__DIRECTIONS__: In the records below, find the line containing "casa indipendente in vendita ad Anzio" and return it together with every later line, exactly as written; pictures are to be omitted.

--- START ---

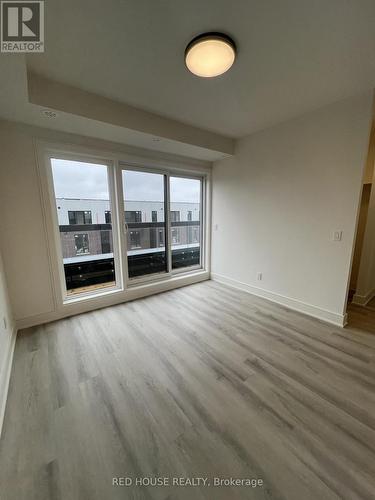 158 Everett Common, St. Catharines, ON - Indoor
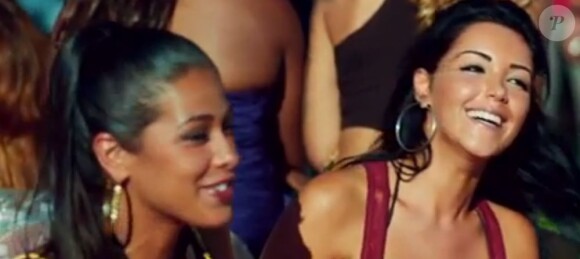 Deux Hollywood Girls dans le clip de Celebration de The Game.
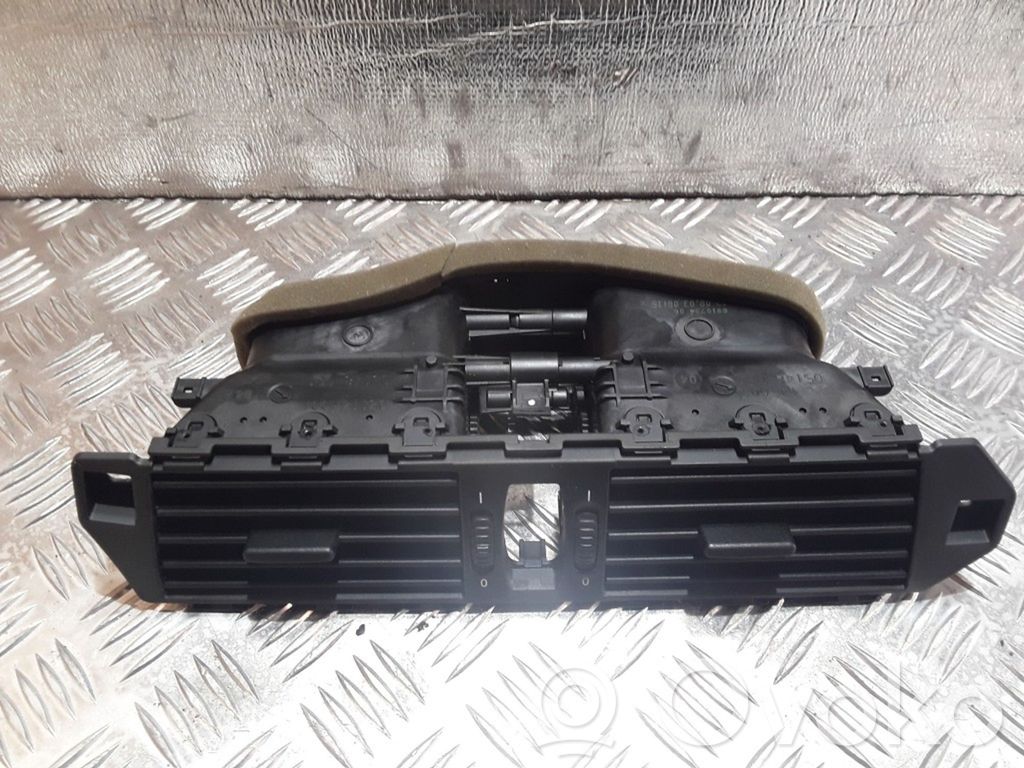 BMW 5 E60 E61 Centrālais gaisa ventilācijas režģis 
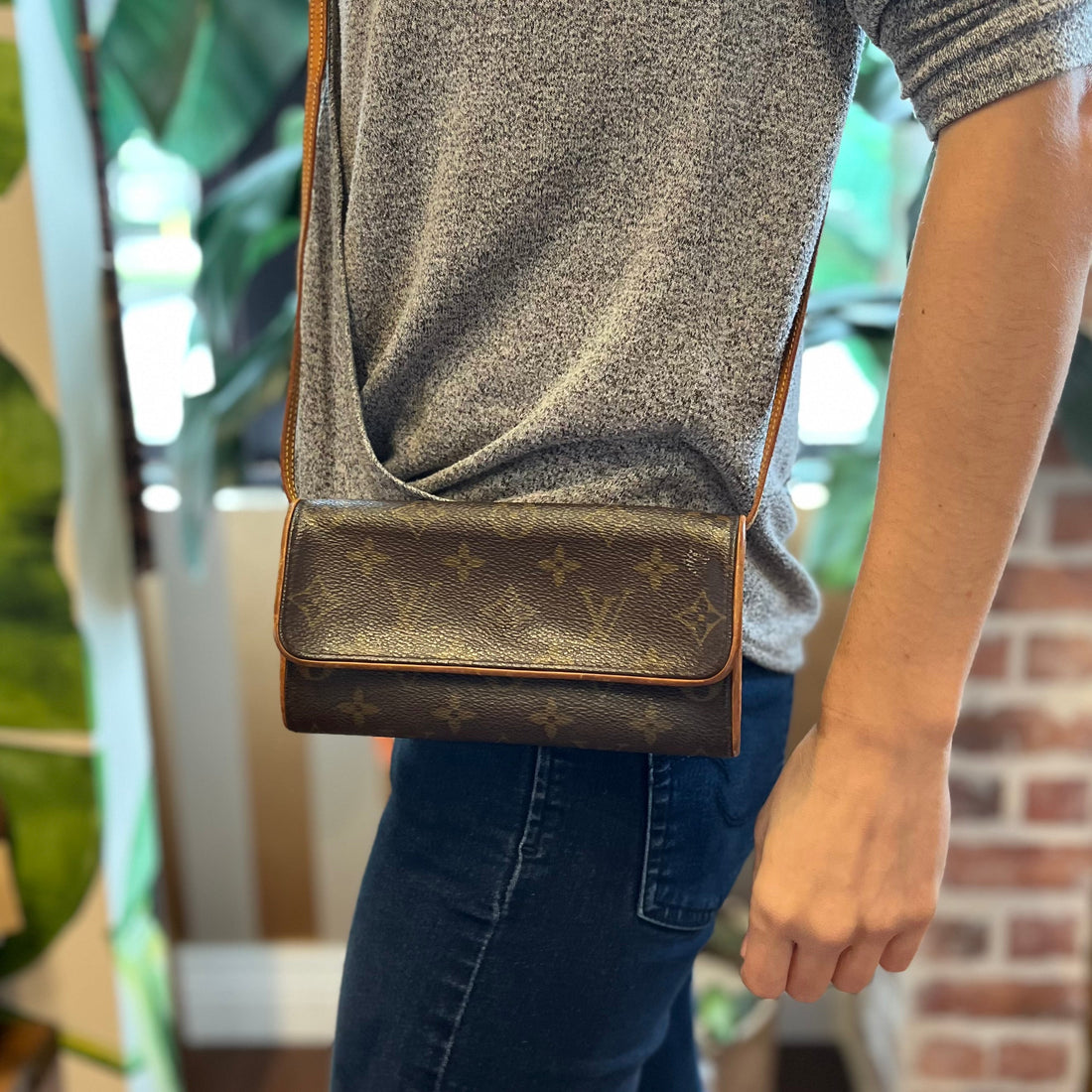 LOUIS VUITTON Vintage Monogram Twin Pm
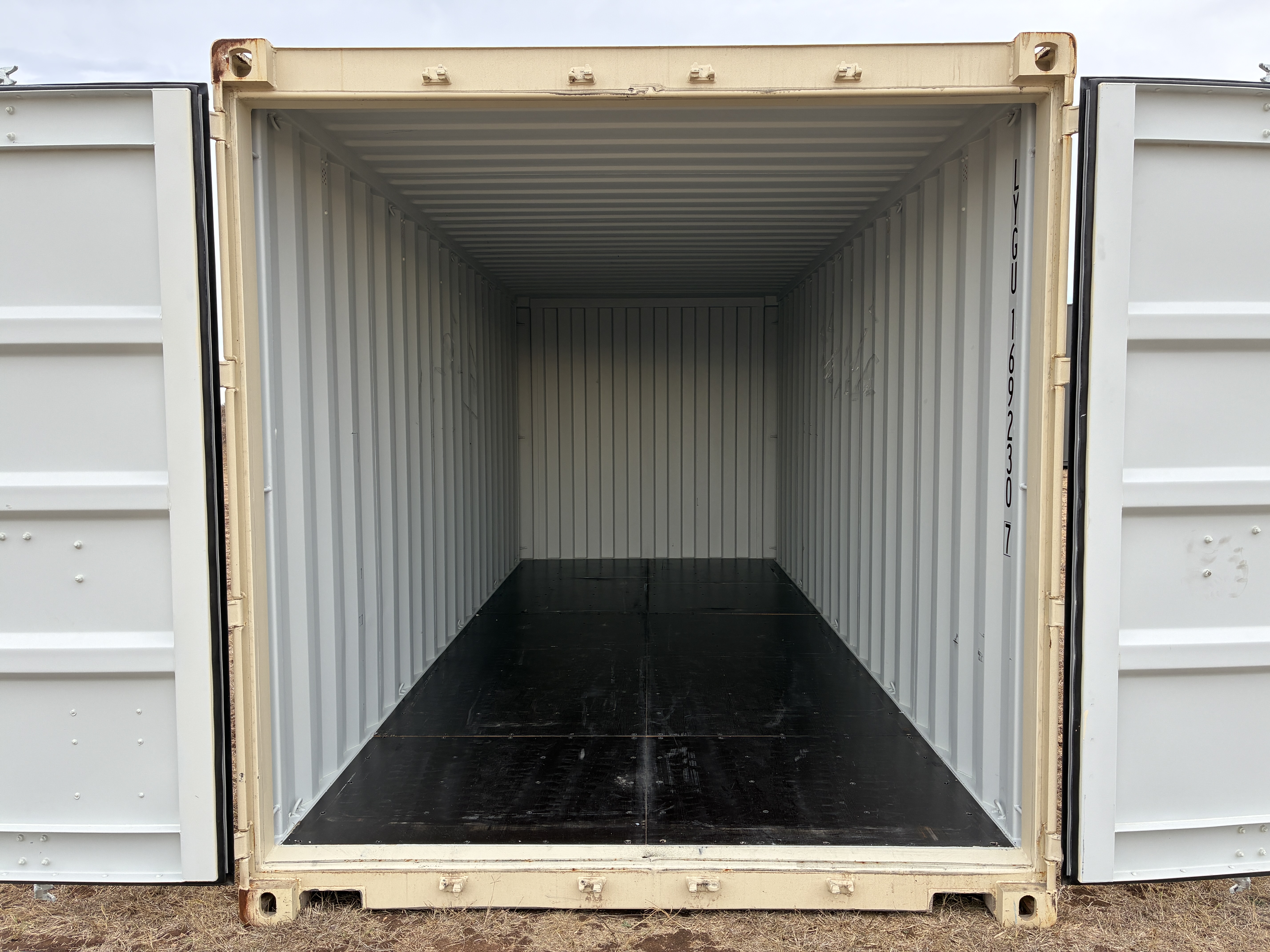 2025 - 20' Container NEW, STANDARD 8'6" TALL, LIGHT IVORY, 2 DOOR, Lock box & STD Handle - 169230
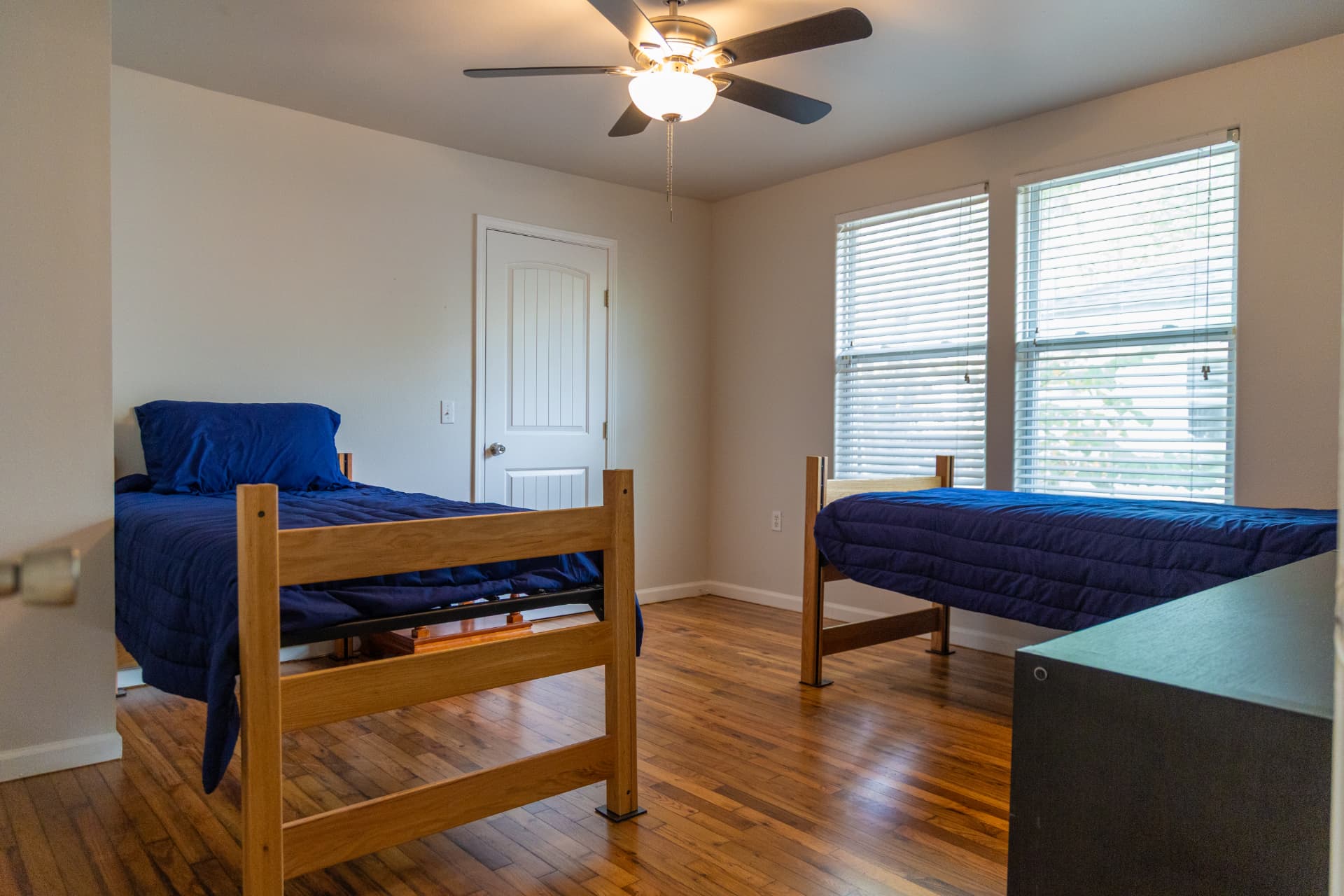 Bedroom with two twin beds and a ceiling fan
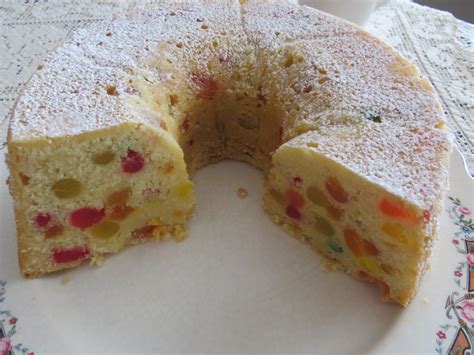 Thel's Kitchen: Old Fashioned Gumdrop Cake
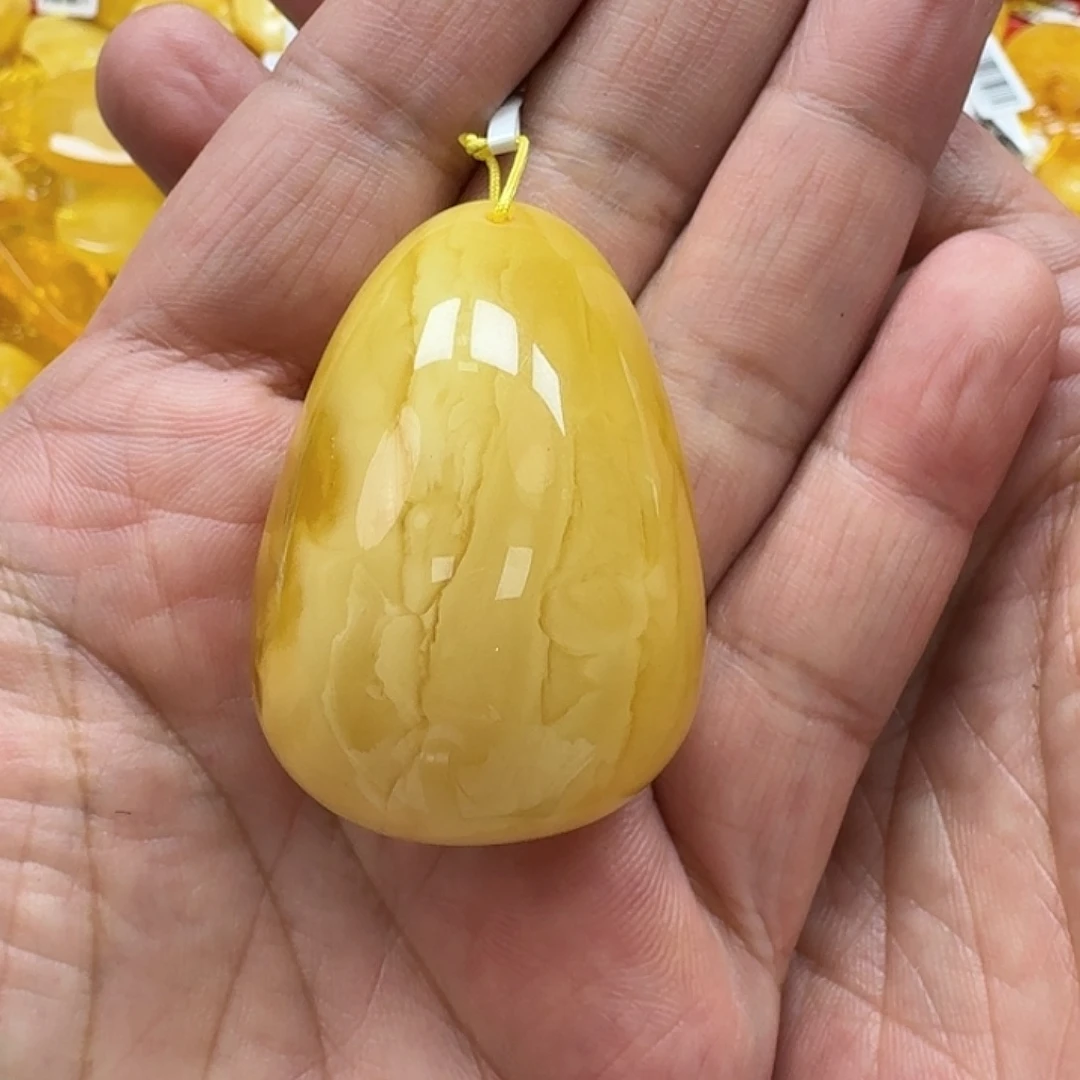 琥珀未镶嵌珠宝奇石173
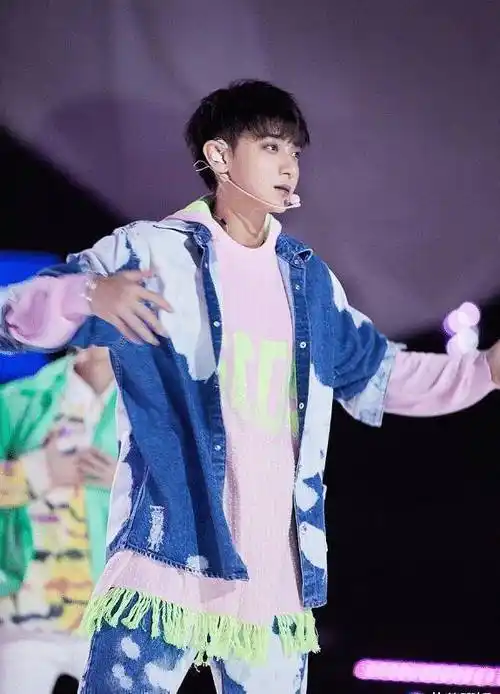 原创鹿晗黄子韬同框两人穿同款破洞裤未修图中身高差意外了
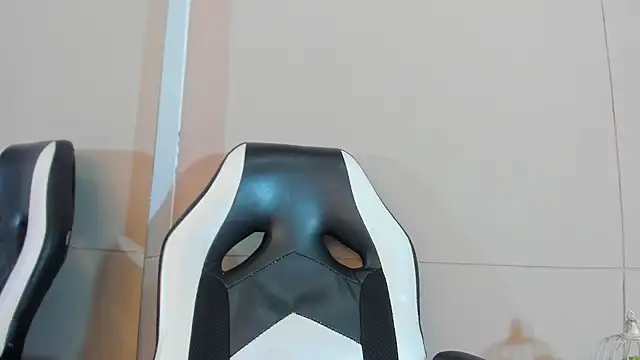 luna bradley  online show from 03/19/26, 12:20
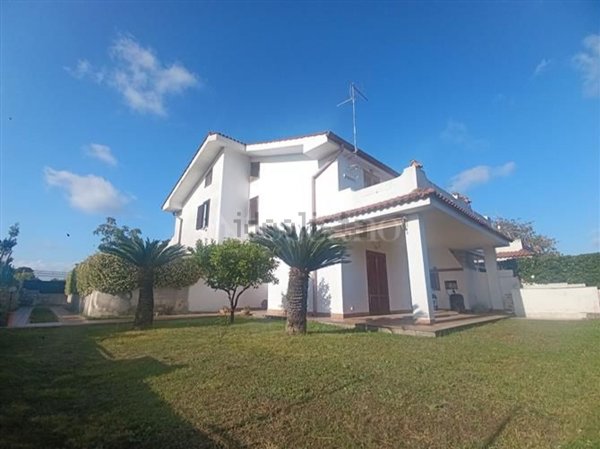 casa indipendente in vendita ad Anzio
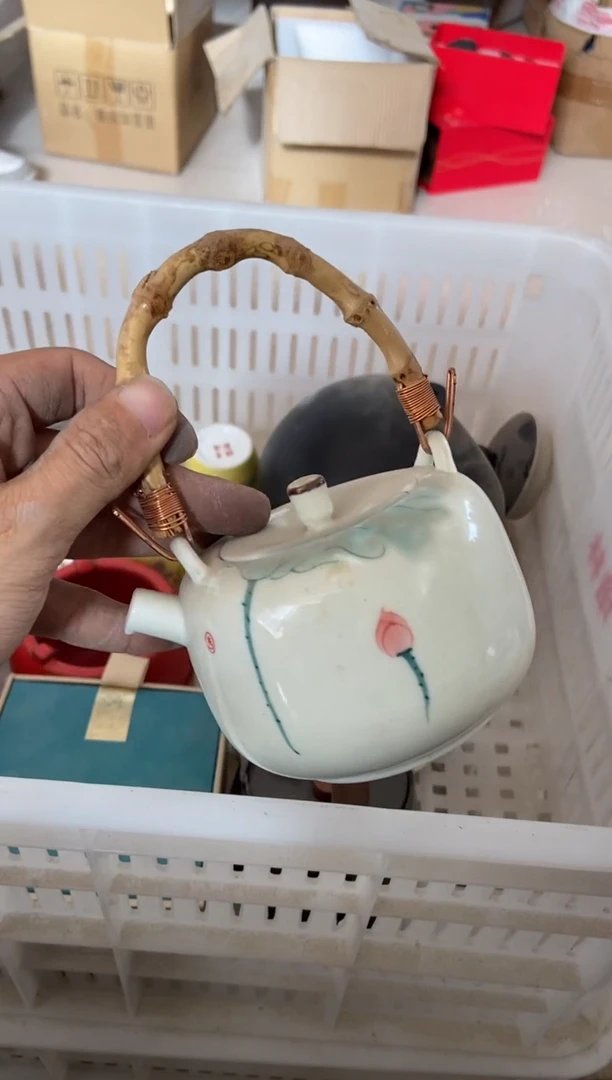 杯无运费险有瑕疵的摄影的产品有使用过的痕迹有点脏介意勿拍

--- END ---

__ANSWER TO THIS EXERCISE__:
 casa indipendente in vendita ad Anzio
 杯无运费险有瑕疵的摄影的产品有使用过的痕迹有点脏介意勿拍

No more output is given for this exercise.